Nemrut’a turistlerin gitmeye başladığı ilk yıllarda yol ve konaklama sorunu kendini belli etmişti. Yıllar içerisinde Turizm Bakanlığının sağladığı ödeneklerle yol önemli ölçüde düzeltildi. Ulvi Saran’ın valiliği döneminde de yolun düzeltilmesi için çaba harcandı. Her ne kadar yol eskiye göre çok iyileştirildi, ulaşım süresi neredeyse yarıya düşürüldüyse de hiçbir zaman ideal denebilecek noktaya ulaşamadı.
Karşılama merkezinden sonra başlayan 2,5 kilometrelik yoldaki bozukluk neredeyse hiç düzeltilemedi. Milli Park sınırları içerisindeki yaklaşık 1850 metrelik bölümünün Malatya sınırları içerisinde olduğu, dolayısıyla buraya kilit taş döşenip yolun kısmen de olsa düzeltilebileceği belirtiliyor.
Bu yolun belirtilen şekilde düzeltilmesi için girişimlerde bulunulduğu, YİKOB üzerinden ödenek temini yoluna gidileceği, dönemin valisi Hulusi Şahin’in yolun o bölümünün düzeltilmesi işine sıcak baktığı ancak araya depremin girmesiyle, olağanüstü ortamda öncelikler diğer alanlara kayınca, bundan vazgeçilmek zorunda kalındığı belirtiliyor.
O tarihten sonra da Nemrut’la ilgili bir düzenleme gündeme gelmedi.
20 yılı aşkın bir süredir Malatya Nemrut turizmini unutmuş durumda.

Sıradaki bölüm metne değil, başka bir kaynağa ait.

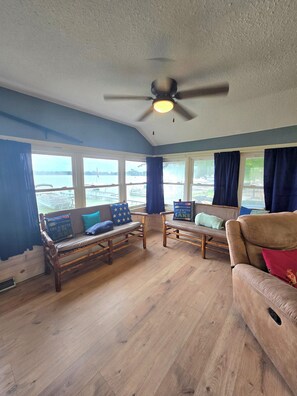 Smart TV, table football, ping pong, books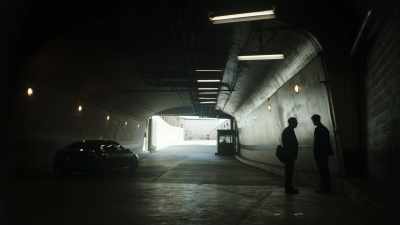 They opened up a passage
directly beneath us. - Counterpart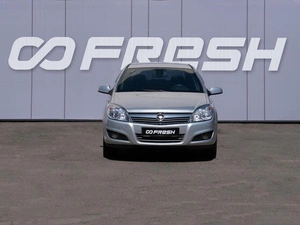 Седан Opel Astra 2012 года, 849000 рублей, Кропоткин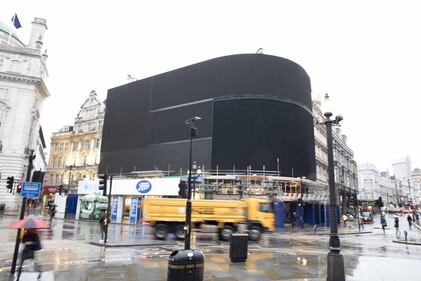 Londra, spenti per restyling i celebri schermi di Piccadilly Circus 6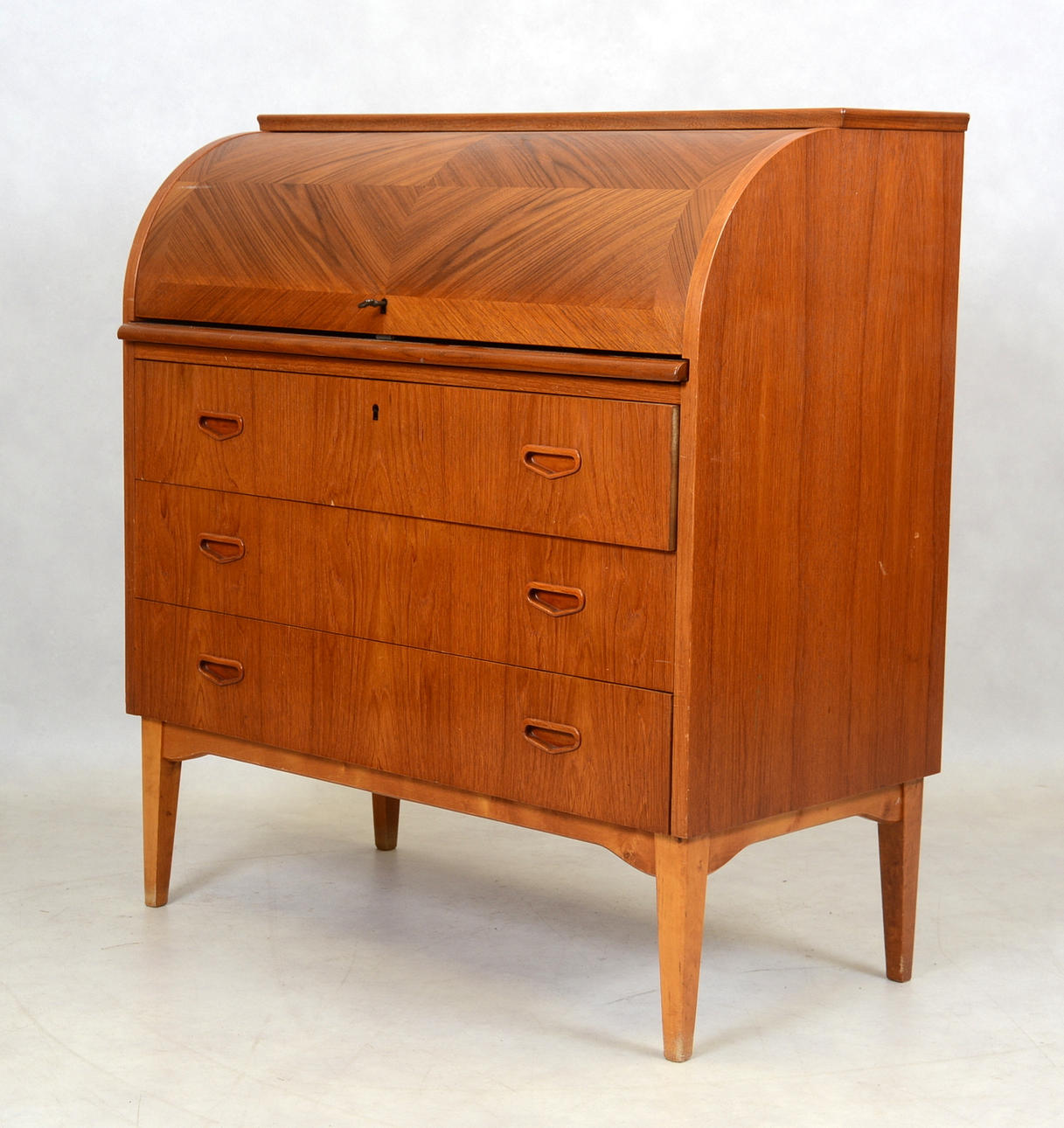 SKRIVBYRÅ med rullklaff, teak, 1960-tal.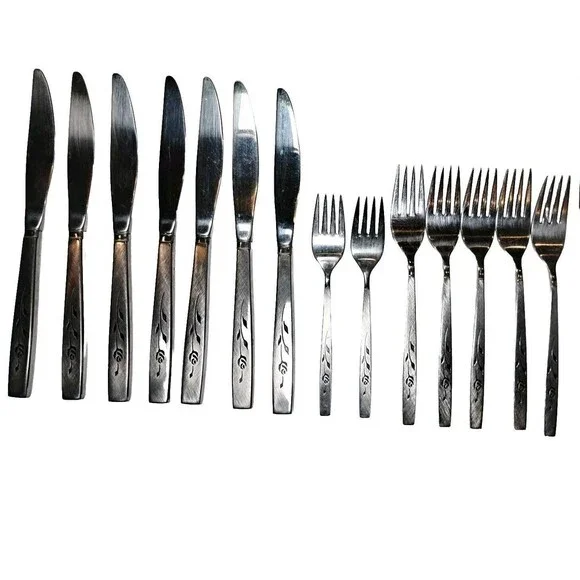 Oneida Oneidacraft Deluxe Lasting Rose 29 Forks Knives Spoons Stainless Flatware - Picture 11 of 15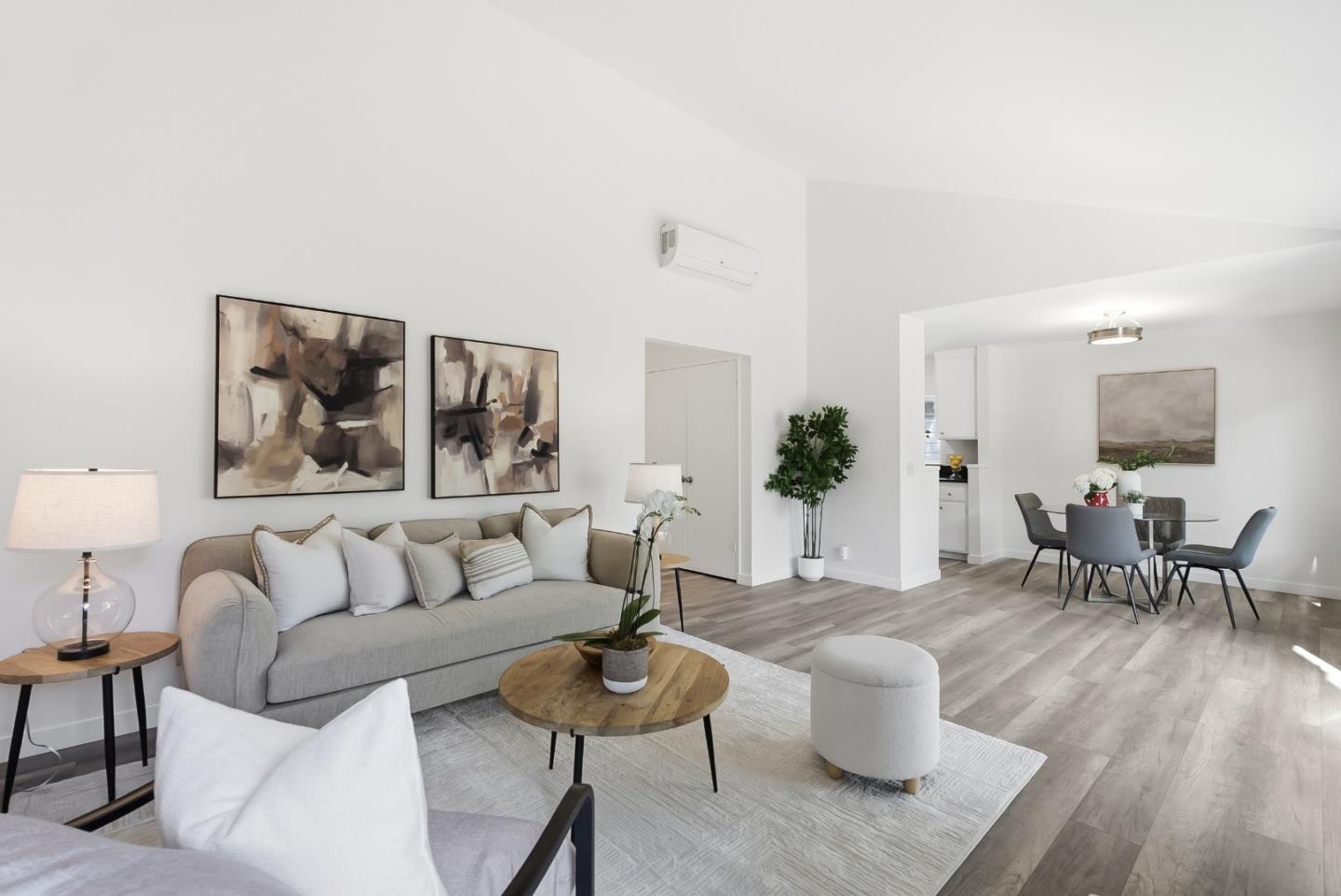 905 West Middlefield Road, Unit 972 Mountain View, CA 94043 - Photo 5 of 32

Turizm ve kültür bakanlıkları birleştirilip Malatya’da “kültür” ağırlıklı bir idare oluşturulduktan sonra bu belirgin bir hal aldı. Yıllar içerisinde çok sayıda idareci gelip gittiyse de Nemrut Dağı turizm ve tanıtımda önemsenmez oldu, binlerce turist gelirken bu sayı yüzlere düştü.
Aynı dönem Malatya’da turizm-tanıtma adına çok sayıda restorasyon yapıldı, müzeler açıldı, yurtdışından sayısız heyetler ağırlandı ama turizmde istenen noktaya hiç gelinemedi. Depremlerde birçok eserin hasar görüp tamire alınması, çok sayıda otelin yıkılması da işin tuzu biberi oldu.